Jurubicara dari organisasi ini menyatakan, melalui surveinya sendiri, bahwa 70 persen guru melaporkan gangguan kelas akibat penggunaan ponsel. Beberapa siswa tidak dapat mengontrol emosi, dan bahkan mengejek gurunya saat dilarang menggunakan ponsel.
Kelompok lainnya, Serikat Pekerja Edukasi dan Guru Korea, menyatakan bahwa mereka tidak mendukung aturan tersebut, dengan menyatakan khawatir akan hak siswa dalam mengakses ponsel.
"Saat ini, siswa tidak memiliki tempat untuk bertemu teman, selain tempat les, atau menggunakan KakaoTalk dan Instagram, sementara mereka terus didorong agar kompetitif di sekolah," ujar Cho Young-sun, seorang guru SMA. Cho percaya bahwa aturan ini berfokus pada ponsel saja, daripada masalah ujian masuk universitas.
Dikenal sebagai Suneung, yaitu maraton ujian tes selama delapan jam, yang dianggap oleh warga Korea Selatan sebagai penyegel takdir mereka. Hasil skornya akan menentukan kelulusan siswa masuk universitas, dan menentukan pula prospek pekerjaan serta pendapatan mereka.
Pelarangan ini ditanggapi dengan skeptis pula, termasuk dari siswa, yang mempertanyakan bahwa aturan ini akan berhasil, implikasinya yang lebih luas, dan apakah dapat menanggulangi akar penyebab adiksi.
Seorang anak akan memulai persiapan ujian sejak hari pertama di sekolah. Narasumber anak berumur 13 tahun yang anonim, menyatakan bahwa dirinya tidak memiliki waktu untuk adiksi pada ponsel. Waktunya biasa dihabiskan untuk les privat dan pekerjaan rumah hingga tengah malam, setiap harinya.

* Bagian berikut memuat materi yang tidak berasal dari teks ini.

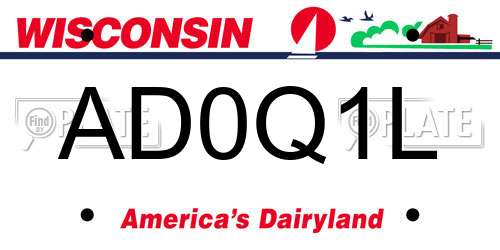 AD0Q1L Wisconsin License Plate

"Daripada melarangnya, seharusnya diajarkan bagaimana siswa dapat mengisi waktu tanpa ponselnya," ujar Seo Min-joon, seorang siswa SMA yang menolak pelarangan ponsel.
"Melarang ponsel selama KBM tidak banyak hasilnya, karena siswa menggunakan ponsel saat transit atau berbaring di kamarnya. Tidak ada edukasi khusus mengenai kesehatan, hanya pelarangan saja," tutup Seo.